No Brasil, em 2021, o lançamento da Estratégia Brasileira de Inteligência Artificial (EBIA) foi essencial para a recolocação do país no cenário internacional como atento à agenda e possível produtor de tecnologias. Além disso, o Governo Federal e governos estaduais lançaram iniciativas importantes para o desenvolvimento da IA e têm investido em inovação. Exemplo disso é o programa paulista de subvenção econômica Pesquisa Inovativa em Pequenas Empresas (PIPE), da FAPESP. Na esfera federal, a Finep, o Fundo Nacional de Desenvolvimento Científico e Tecnológico (FNDCT), o Banco Nacional de Desenvolvimento Econômico e Social (BNDES) e o MCTI têm sido os principais investidores em Ciência, Tecnologia e Inovação (CT&I).

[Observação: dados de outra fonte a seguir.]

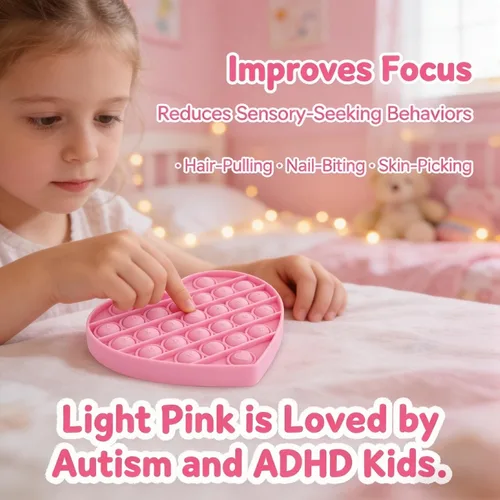 Miniatura 5 de Juguetes sensoriales antiestrés para niñas y niños pequeños, con forma de corazón rosa, alfabeto en relieve, juguete sensorial calmante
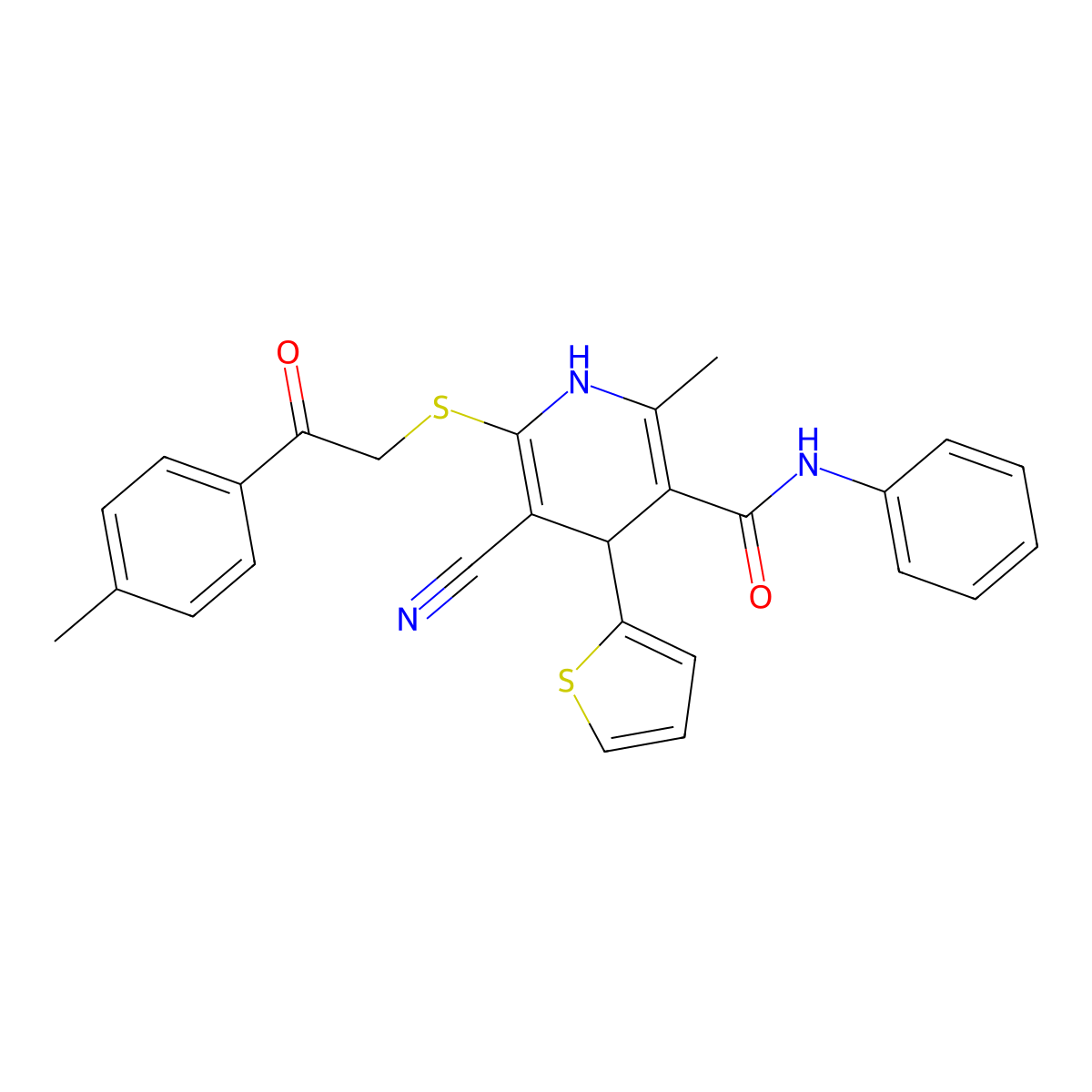 5-cyano-2-methyl-6-[2-(4-methylphenyl)-2-oxoethyl]sulfanyl-N-phenyl-4-thiophen-2-yl-1,4-dihydropyridine-3-carboxamide molecular structure, CAS 201273-84-9
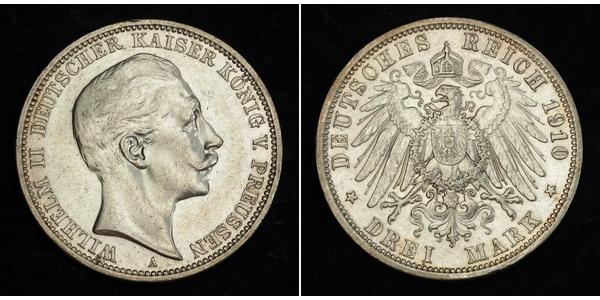 3 Mark Regno di Prussia (1701-1918) Argento Wilhelm II, German Emperor (1859-1941)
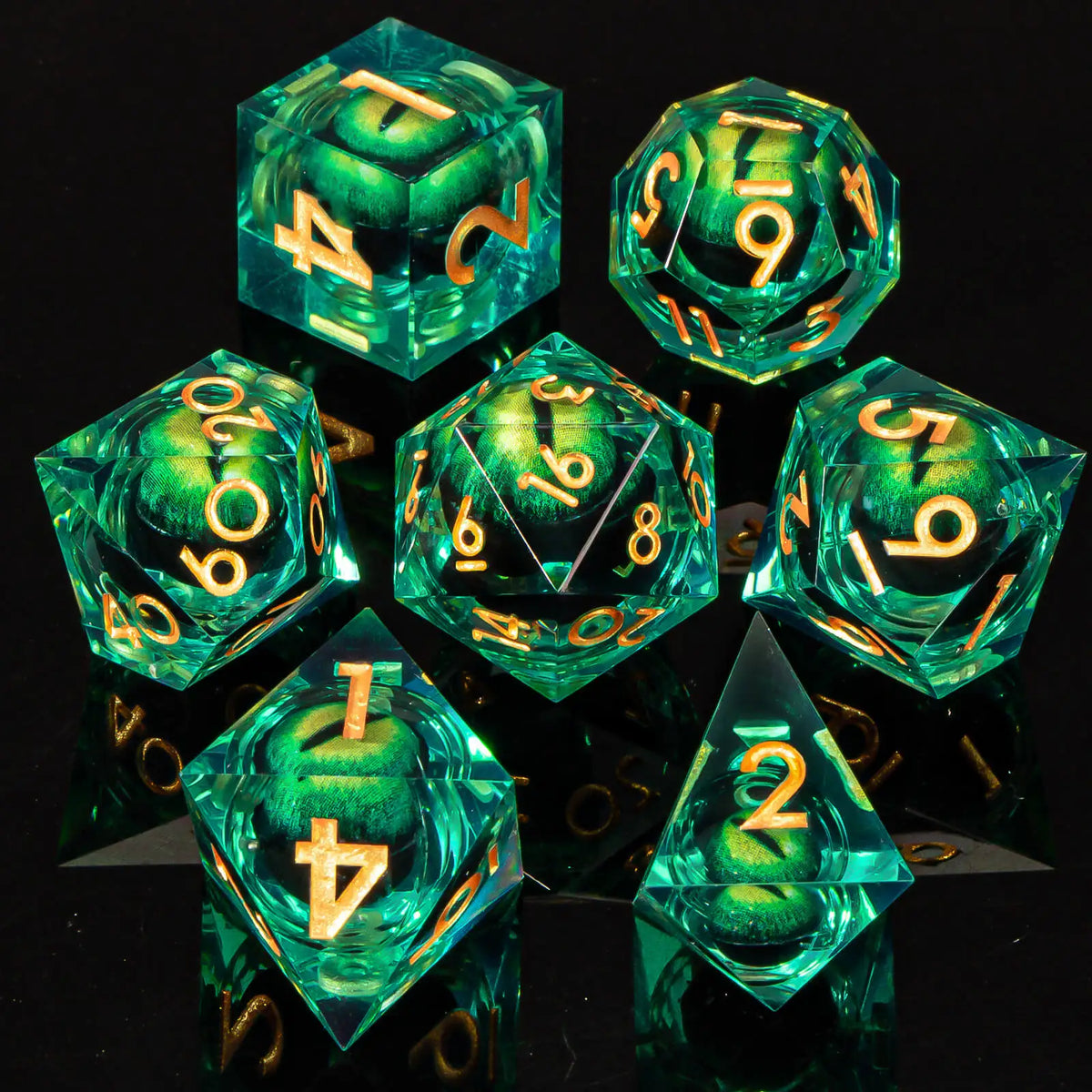Dragon Eye Resin Dice Set with Liquid Core - 7 Polyhedral Dice for RPG Gaming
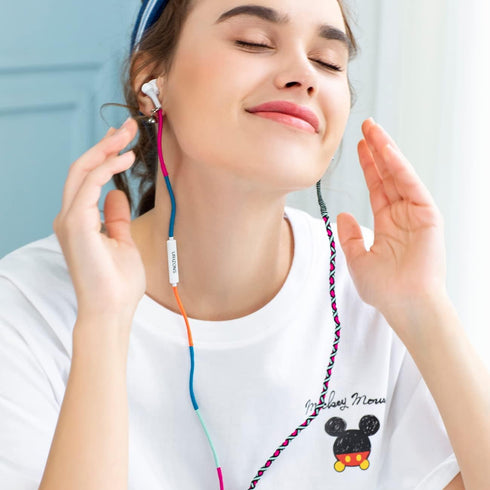 URIZONS Nylon Braided Tangle Free in Ear Headphones - Colorful Wraps Wired Earbuds Bracelet with Microphone High Definition Compatible with iPhone...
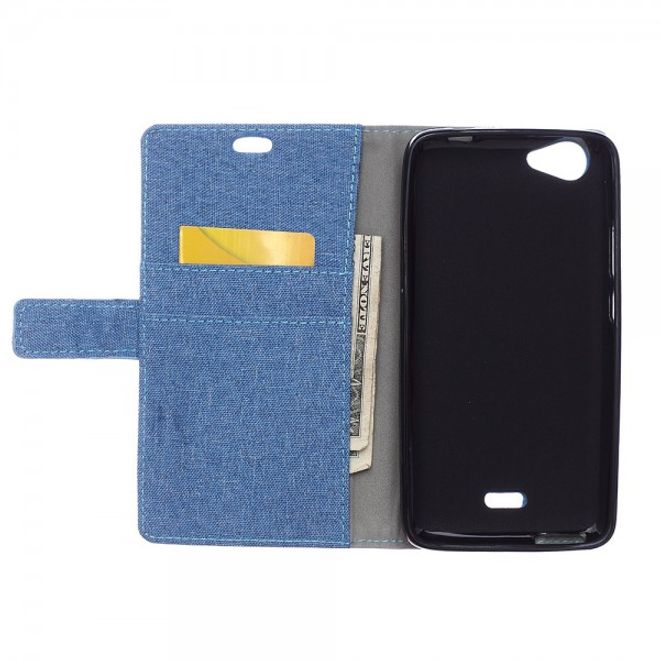 Wiko Rainbow Jam Leder Cover Case mit stoffartiger Textur - hellblau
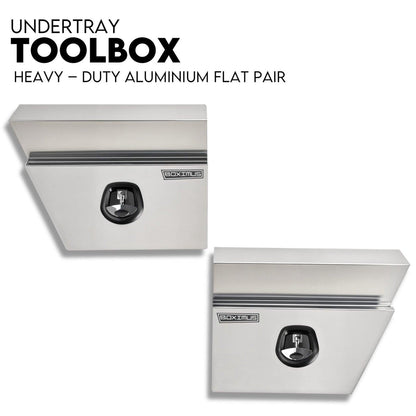 600mm Pair of Under Tray Undertray Tool Box Aluminium Alloy Underbody Toolbox.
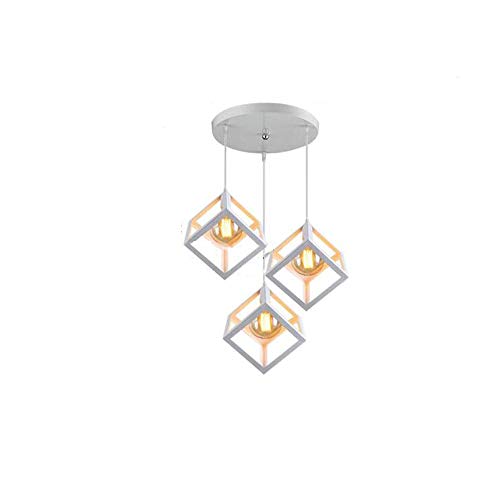 Suspension cuisine îlot à 3 têtes luminaire blanc élégant pour ambiance salon et chambre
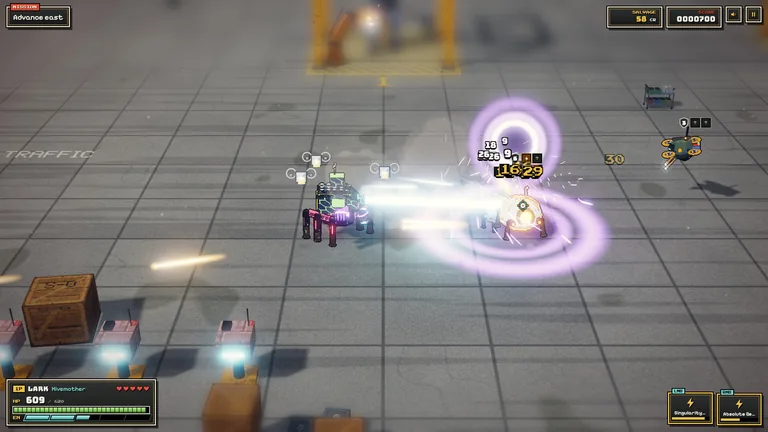 Metal Wayfarer official screenshot showing a dark spider-legged mech firing a bright beam in an industrial yard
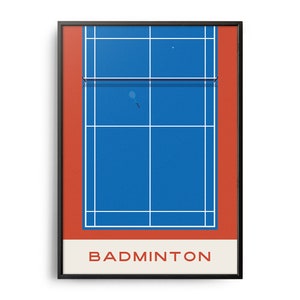Midcentury Badminton Print, Midcentury Sport Print, Badminton Wall Art, Modern Art, Retro Badminton Poster, Flat Color Badminton, Badminton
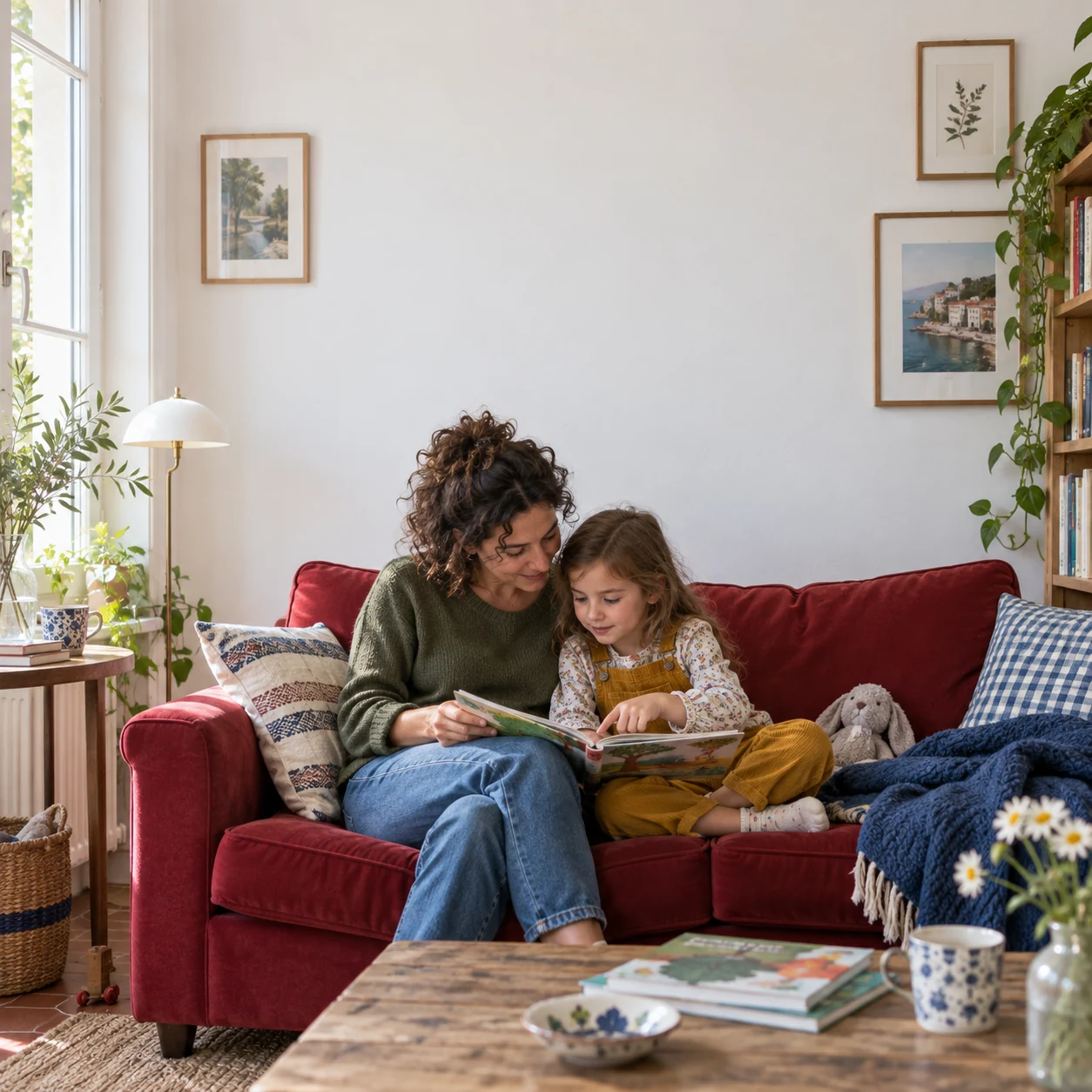 Un parent et son enfant lisent ensemble pendant leur séjour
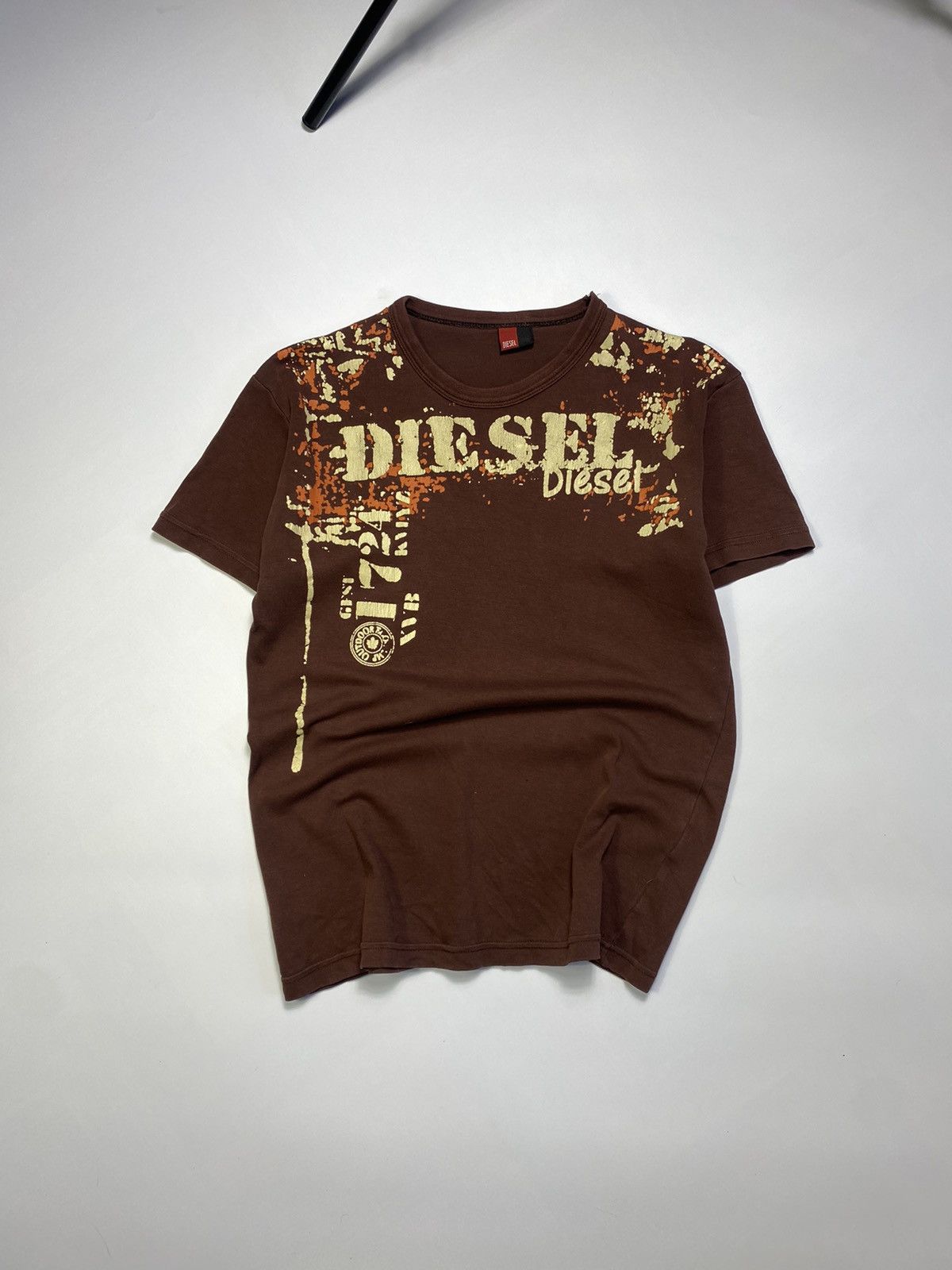 Diesel × Vintage Diesel Big Logo Print Brown Hype T-Shirt Y2K Vintage Size US S / EU 44-46 / 1 - 1 Thumbnail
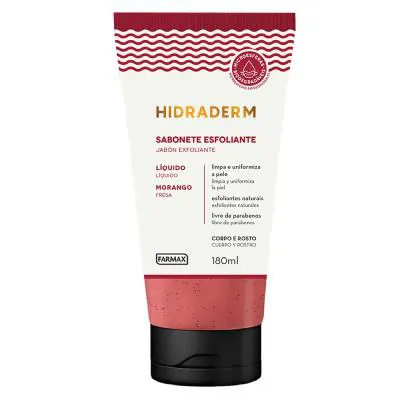 Sabonete Líquido Hidraderm Esfoliante Morango para Face e Corpo 180ml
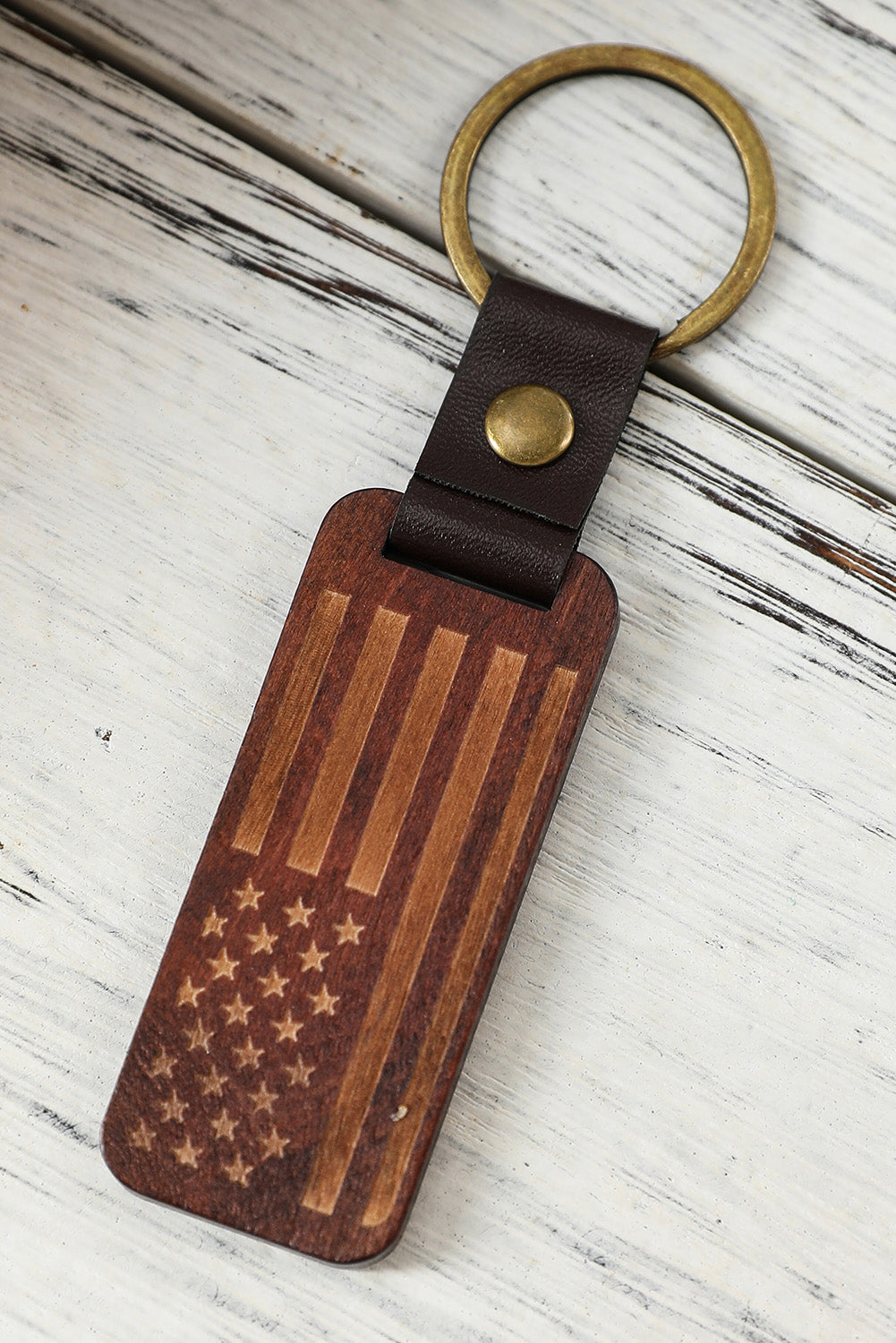 Brown American Flag Vintage Wood Leather Pendant Keychain Other Accessories JT's Designer Fashion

O posicionamento estatal revelado por meio da EBIA, somado aos programas públicos de incentivo ao desenvolvimento de CT&I, encorajam o setor privado a inovar. Consequentemente, a economia brasileira tende a se fortalecer, gerando mais empregos e diminuindo as desigualdades. Em relatório de 2021, a Associação das Empresas de Tecnologia da Informação e Comunicação (TIC) e de Tecnologias Digitais (Brasscom) estima que as empresas de tecnologia demandem 797 mil talentos entre 2021 e 2025. Porém, com o crescimento exponencial do número de vagas e o número de formandos aquém da demanda, a projeção é de que haja um déficit de 530 mil ao final desses cinco anos. Outro dado interessante é que, enquanto a média nacional de salários é de R$ 2.001, a remuneração média do setor de serviços de TIC é de R$ 5.028, ou seja 2,5 vezes superior. Essas informações indicam que estamos presenciando uma geração de um novo campo de atuação, com novas oportunidades de emprego e melhores salários.
Somado a isso, cursos de Graduação e Especialização na área de tecnologia e, especificamente, de IA, estão despontando em universidades públicas e privadas ao redor do Brasil. Em pesquisa publicada em 2023, foram encontrados 646 cursos de Bacharelado e Tecnológicos relacionados à IA. A região Sudeste é a com maior oferta de vagas, seguida das regiões Sul e Nordeste do país. Quanto aos cursos de Especialização, foram identificados 114, sendo que a maioria também está no Sudeste brasileiro, seguido pelo Sul e Centro-Oeste.
Percebendo tal demanda, Organizações da Sociedade Civil (OSCs), startups e até grandes empresas de tecnologia também têm oferecido cursos de capacitação em Inteligência Artificial. BigTechs como IBM, Google e Microsoft têm oferecido cursos introdutórios sobre IA em formato online e gratuito, por exemplo.
Com a grande maioria dos cursos sendo oferecidos por organizações e empresas privadas, constata-se que o setor privado está mais atento às mudanças do mercado. Porém, ainda que as ações públicas sejam mais tímidas, elas estão ocorrendo. Além disso, como já era de se esperar, o Sudeste tem liderado o desenvolvimento acadêmico e a capacitação em IA conforme .
Considerando, então, o novo mercado surgindo e a criação de cursos nas áreas de tecnologia, é possível afirmar que a Inteligência Artificial não está ameaçando o futuro do trabalho, mas sim criando uma nova configuração para ele. No entanto, cabe a nós formular políticas públicas e alianças entre o setor público, privado e academia para que as oportunidades sejam distribuídas em todo o Brasil e ofertadas a todas as classes sociais, de forma a diminuir as desigualdades, e não aumentá-las. Para tal, o debate precisa ser aprofundado e abordado a partir de uma visão multidimensional, pois, a diferença da IA para as outras tecnologias está no fato de ela possuir o potencial de aumentar o desemprego no campo da mão-de-obra qualificada, não apenas nos setores que exigem baixa qualificação.